Friends or enemies Part II

Ooops!

The request that was made for the last post was not for the "strategically placed cupcakes" story but another time we were in the same chicken finger restaurant. Sorry Charles.

Here is the correct request:


We call this chicken finger place "The Foo" (short for Foosackly's). It is close to a local college and gets a lot of college age help. Most of the wait staff is female. Most of the cooks are male. Most all of them where a Foo shirt and shorts or jeans. After you order your food the wait staff hands you a tent shaped piece of plastic with a number on it. They also hand you a cup of ice and point you to the drink station. Then you choose a table and wait for your food. Usually the wait is not long and when the chicken fingers come out they are always hot and fresh.


The girls are usually the ones bringing the food unless they are really busy and then you may get one of the guys walking out in his apron delivering food. Everything is brought out on a plastic disc with your food on top of a sheet of wax paper. As you might imagine for a fast food place there is a napkin dispenser, salt and pepper shakers, and a bottle of ketchup on each table.


This particular visit I believe it was Charles, Lewis, CP and probably Wheels. We had sat down, our food had been delivered and the needling had begun. I was the last one to get the bottle of ketchup. When I went to squirt it, it was spasticly shooting drops of ketchup onto my wax paper. The guys of course are not pay attention as if to say we got ours you are on you own. I tell them thanks for nothing.

Then I look up to see a young college aged girl wearing a Foo blue t-shirt and shorts walking toward our table. So I close the lid to the ketchup lean out of the booth just a bit. Without a word I shake the bottle in the "hey this bottle is empty" motion. I nod my head in a similar "hey whats up I need some help here" motion. I even raised my eyebrows in a "hey do you see me" motion.

This young girl looks right at me, smiles and walks right by our table. Charles, Lewis, CP and Wheels see the whole incident. Astonishingly enough nobody says a word. They just watched the young girl continue to her table and sit with what one could only deduct as her friends also enjoying lunch at The Foo. It was only then that the silence was broken...with laughter.

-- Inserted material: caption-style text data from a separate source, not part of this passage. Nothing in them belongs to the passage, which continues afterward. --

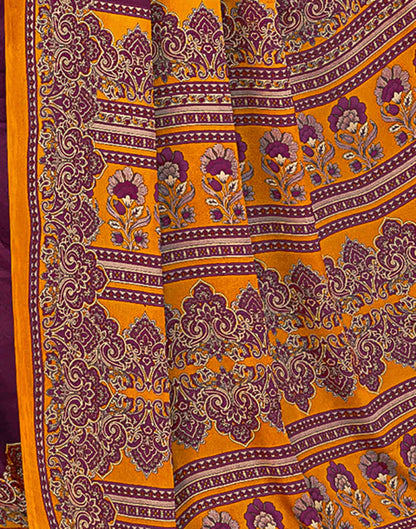 Wine Silk Printed Saree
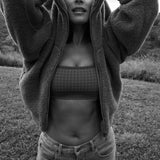 Houndstooth Wool Bralet - Spice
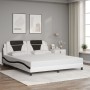 Bed frame with LED lights, white and black PE leather, 180x200 cm. by , Beds and slatted bases - Ref: Foro24-3214042, Price: ...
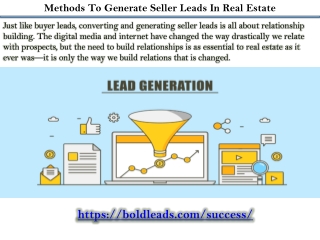 Methods To Generate Seller Leads In Real Estate
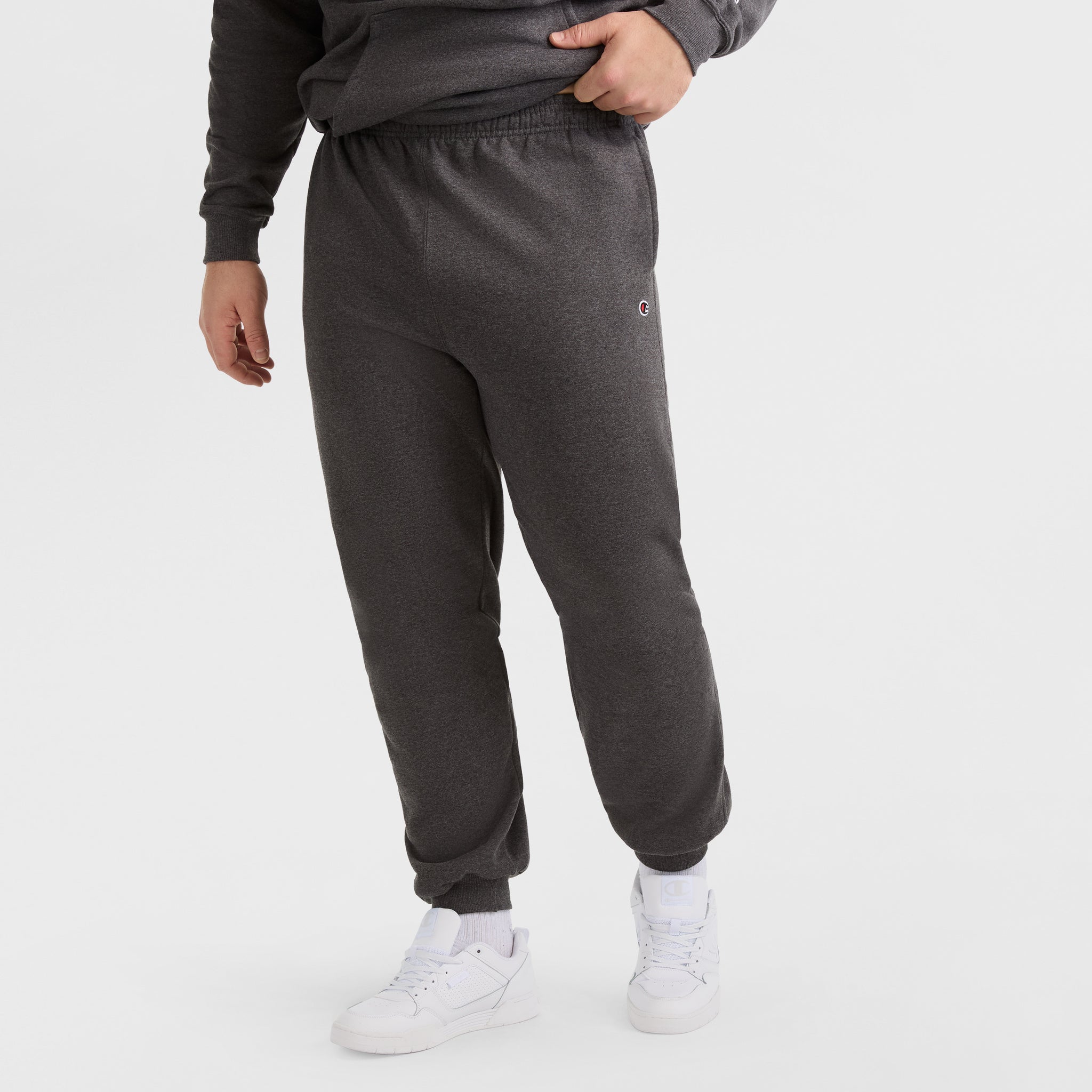 Champion Powerblend Jogger C Logo homme gris chiné grande taille
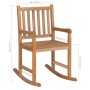 Silla mecedora de madera maciza de teca con cojín gris taupe de vidaXL, Sillas de jardín - Ref: Foro24-3062780, Precio: 162,8...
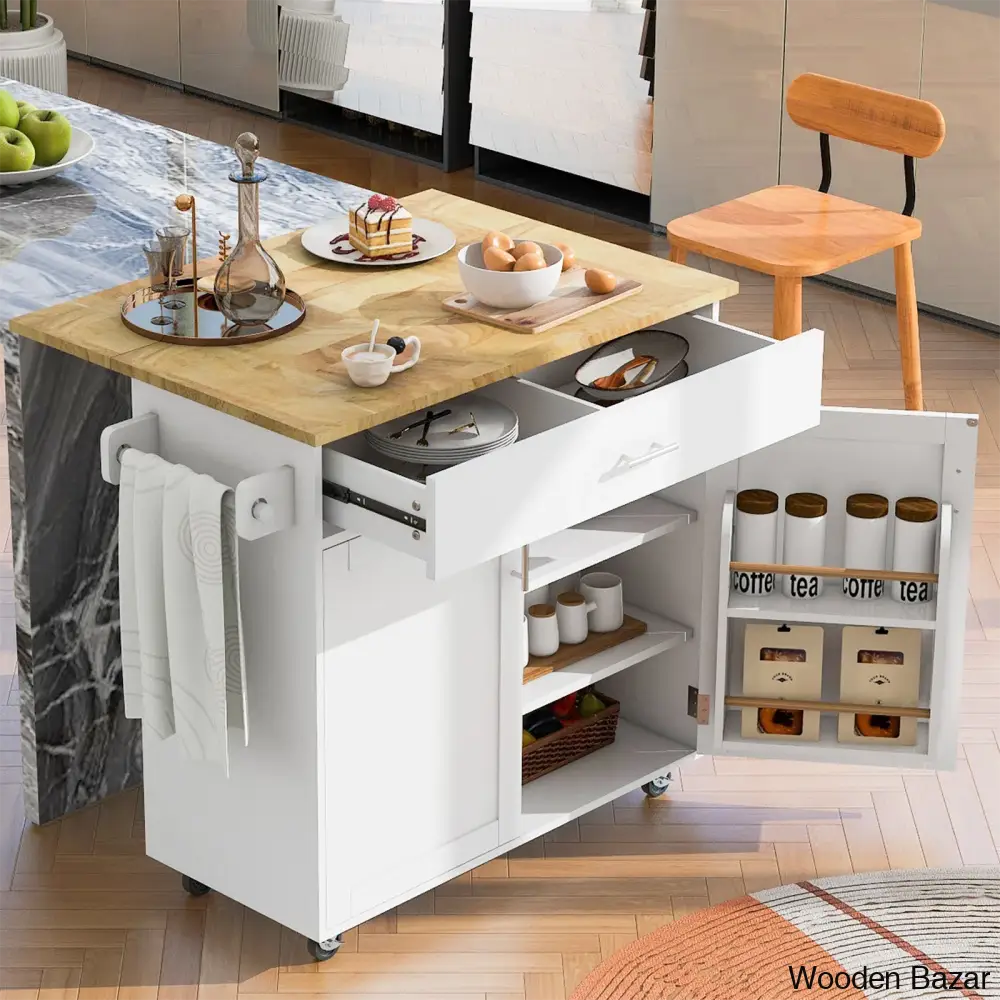 Ronzel 35’’W Rolling Kitchen Trolley Cart Cabinet Kitchen Island With Storage Solid Wood Drop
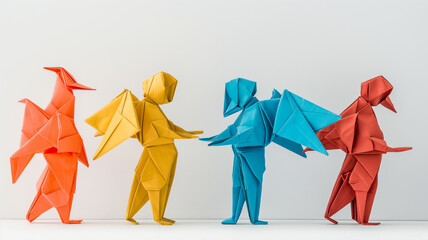 Colorful origami human figures in red, yellow, and blue interacting on a white surface.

I, even to this day, find no humor in what happened. I needed ketchup. Apparently my buddies and my wife, whom heard this story for the first time while I explained the mix up on the request, thought it was hilarious.

To this day, my buddies have not let me forget that incident. Usually one of them every other time we go to The Foo, pick up the ketchup, lean out from the booth or table, look past me with their uni-brow raised and shake the bottle as if it is empty.